Scan the records below for the line with "Elegant Floral Women's Cardigan" and the line with "Apartamento T1+1 no", and retype that range exactly, both ends included, pictures excepted.

_ _ _ _ _

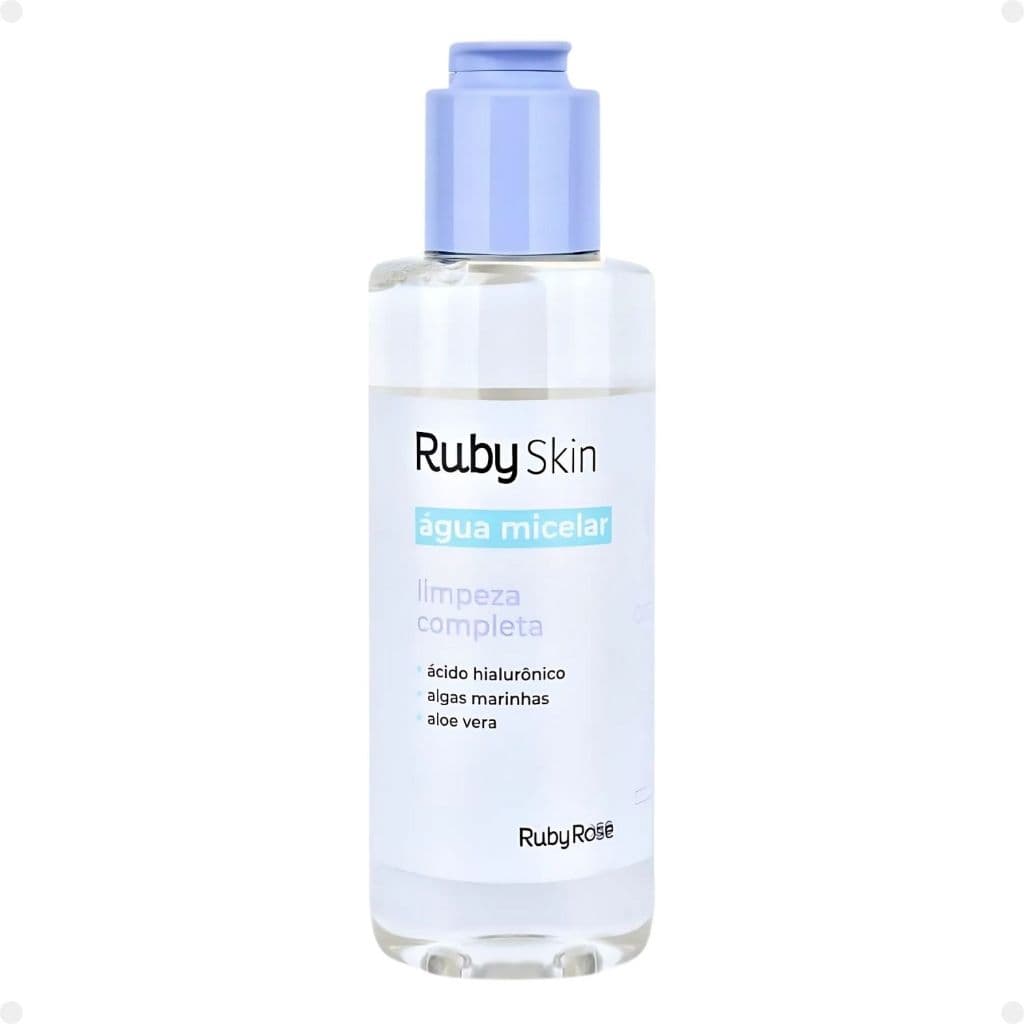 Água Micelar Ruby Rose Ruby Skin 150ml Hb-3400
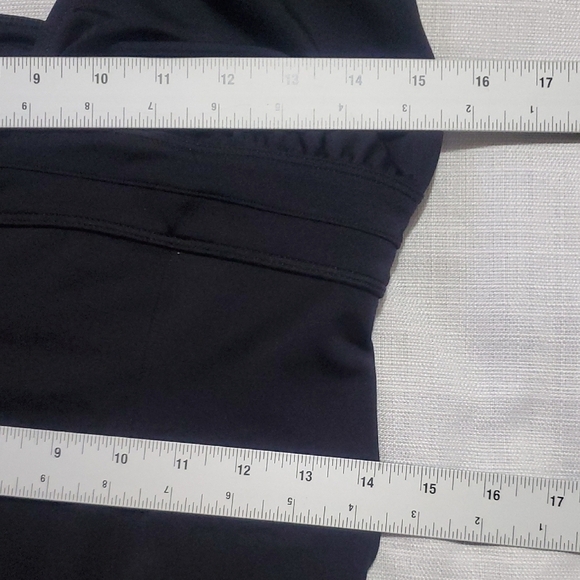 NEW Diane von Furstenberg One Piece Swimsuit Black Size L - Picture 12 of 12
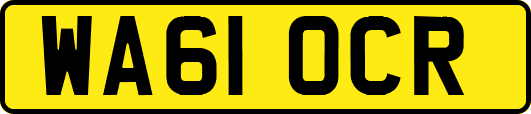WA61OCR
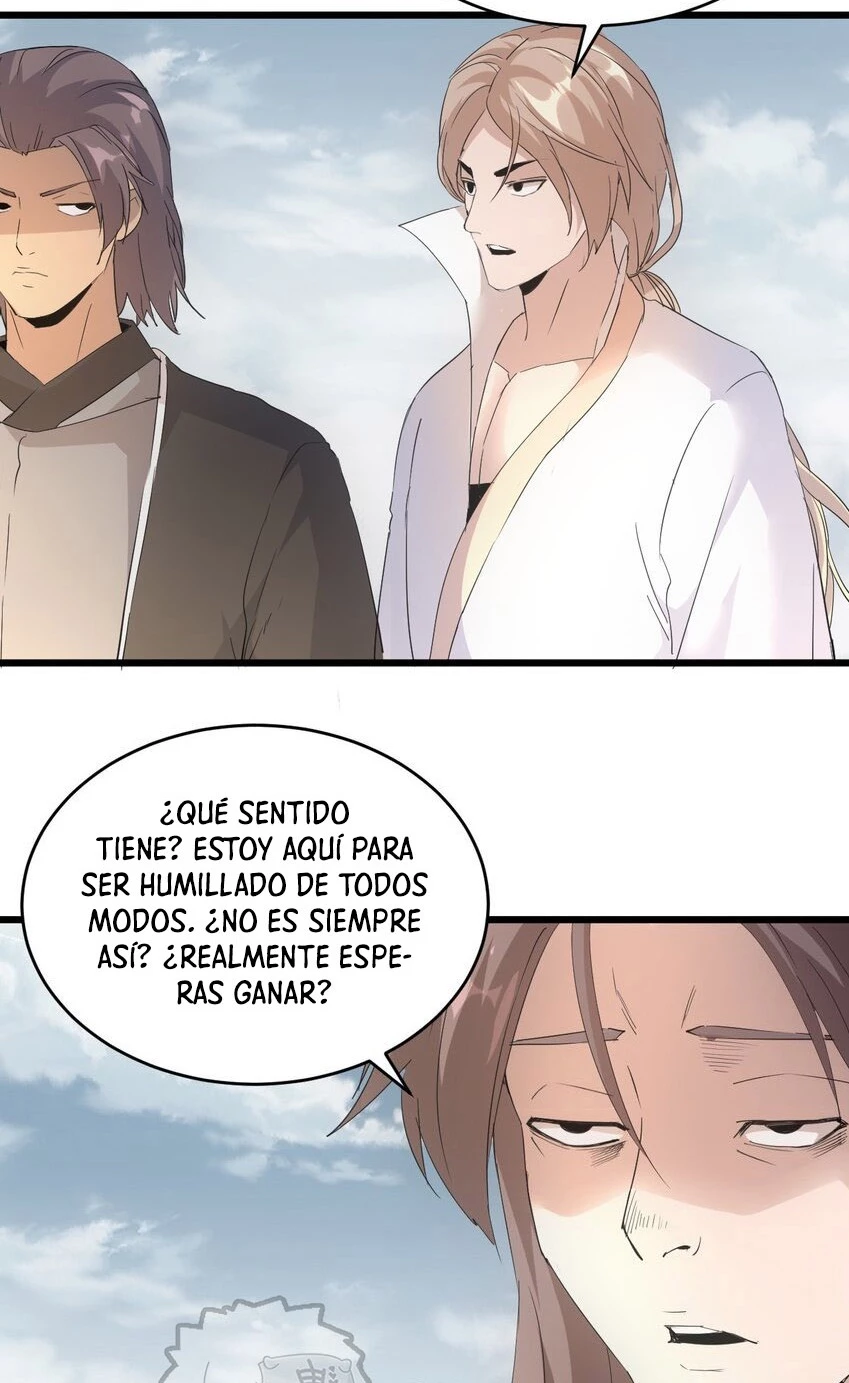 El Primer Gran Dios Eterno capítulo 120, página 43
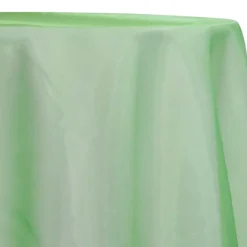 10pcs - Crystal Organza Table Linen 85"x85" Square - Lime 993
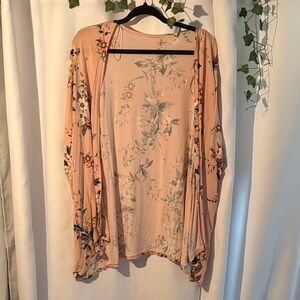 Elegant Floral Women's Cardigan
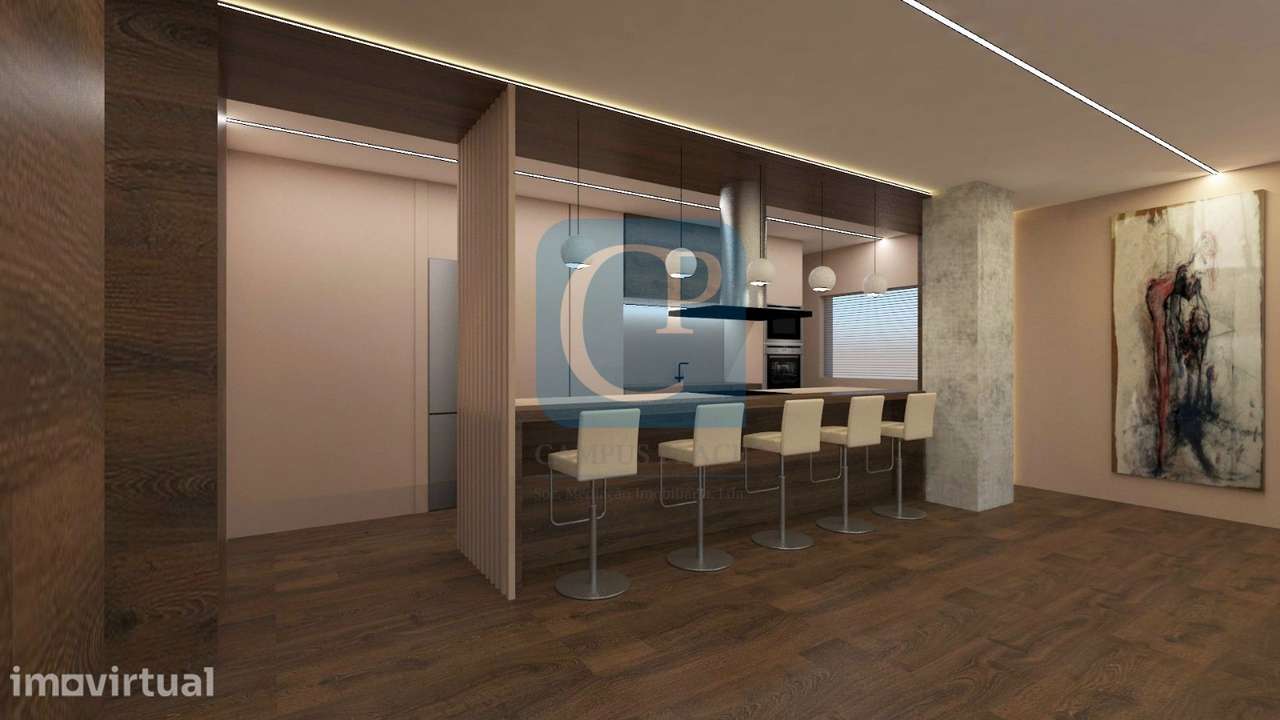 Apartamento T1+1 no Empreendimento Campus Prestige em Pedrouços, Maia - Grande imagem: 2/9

_ _ _ _ _

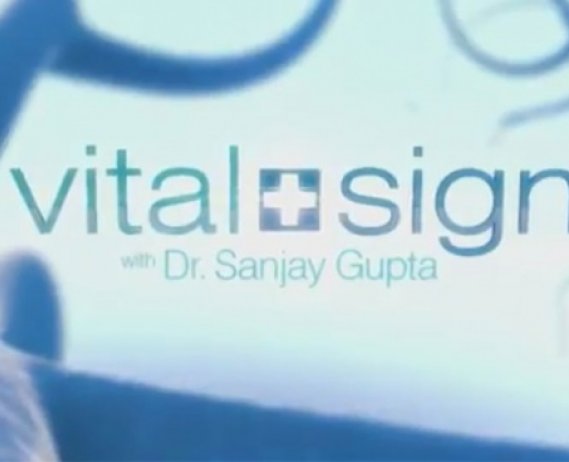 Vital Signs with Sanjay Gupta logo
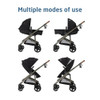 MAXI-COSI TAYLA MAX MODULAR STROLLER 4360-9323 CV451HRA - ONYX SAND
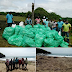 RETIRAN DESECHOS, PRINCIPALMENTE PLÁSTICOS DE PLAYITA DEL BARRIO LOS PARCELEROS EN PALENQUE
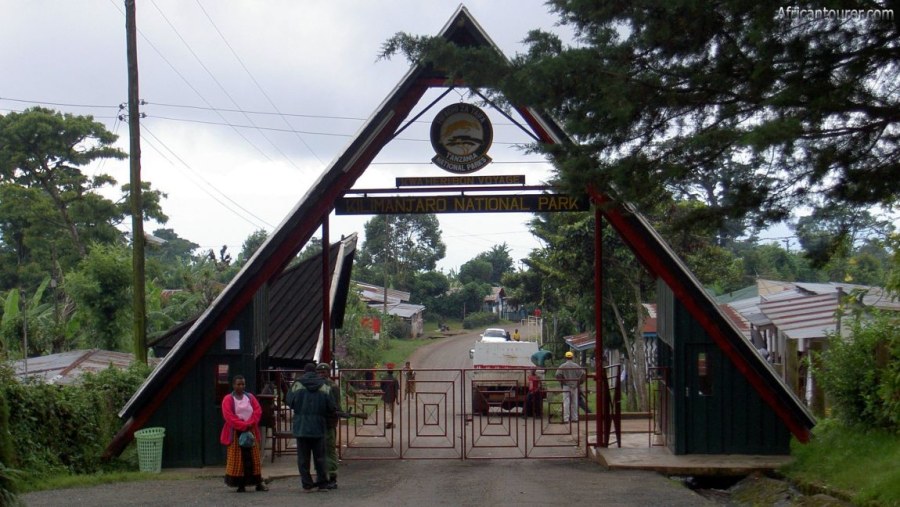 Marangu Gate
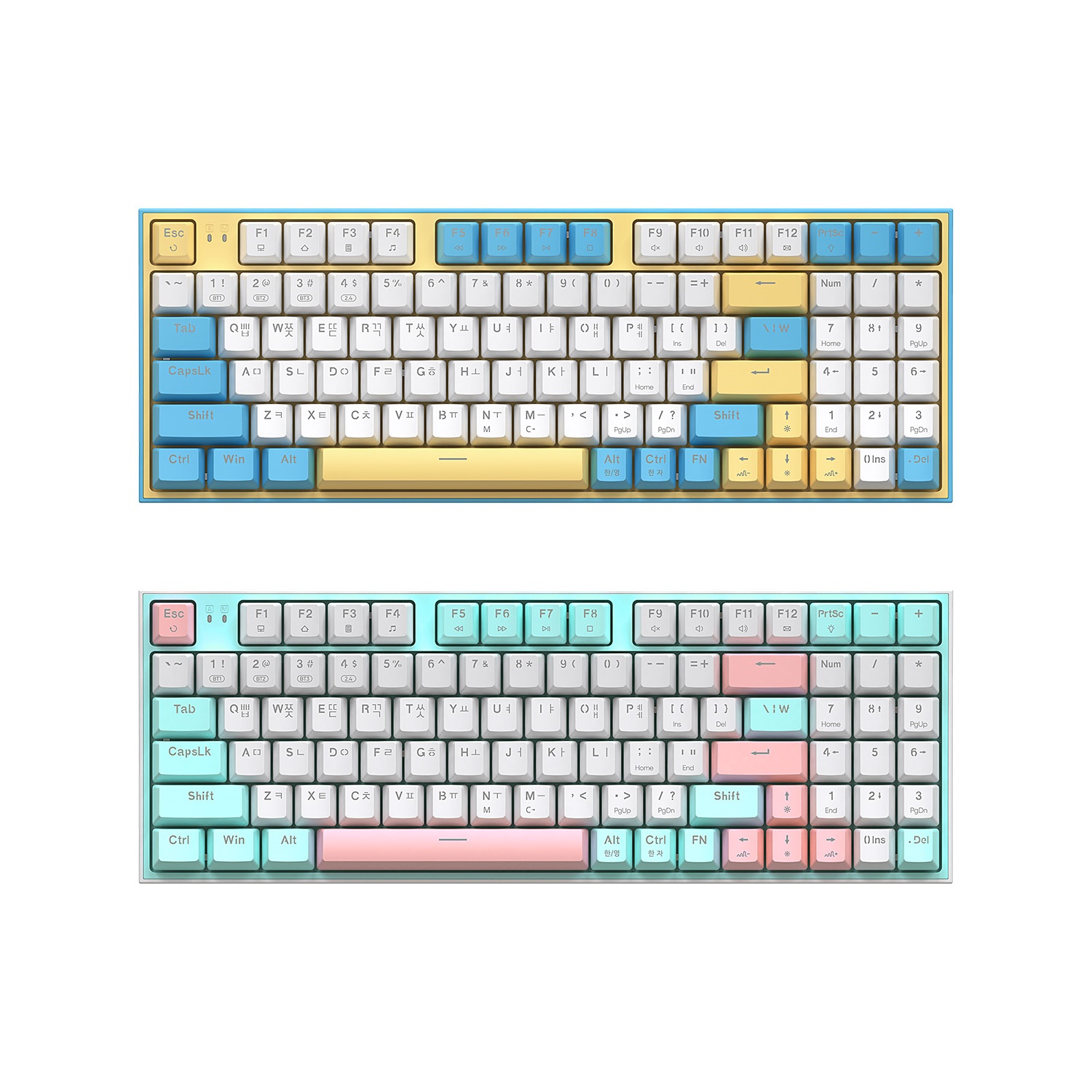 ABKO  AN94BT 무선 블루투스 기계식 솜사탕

_ _ _ _ _

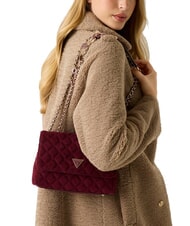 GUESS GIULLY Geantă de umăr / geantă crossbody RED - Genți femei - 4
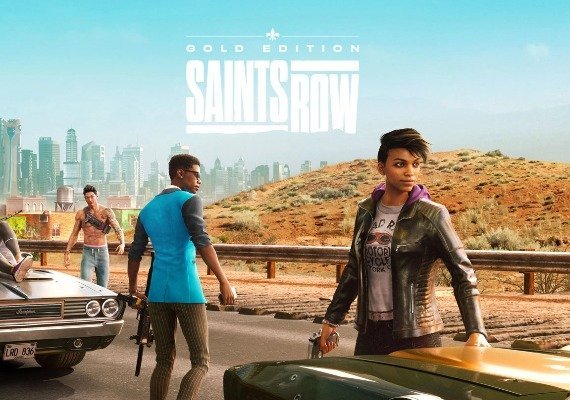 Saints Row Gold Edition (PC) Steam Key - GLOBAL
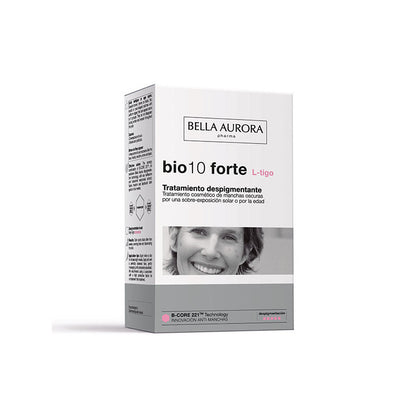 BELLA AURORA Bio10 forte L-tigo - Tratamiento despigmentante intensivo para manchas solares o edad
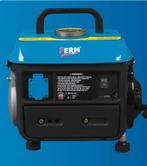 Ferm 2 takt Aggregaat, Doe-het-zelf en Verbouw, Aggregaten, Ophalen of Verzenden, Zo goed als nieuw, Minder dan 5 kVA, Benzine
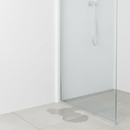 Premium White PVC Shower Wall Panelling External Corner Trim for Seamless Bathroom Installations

_ _ _ _ _

**Solution to the exercise**
 Elegant Floral Women's Cardigan
 Apartamento T1+1 no Empreendimento Campus Prestige em Pedrouços, Maia - Grande imagem: 2/9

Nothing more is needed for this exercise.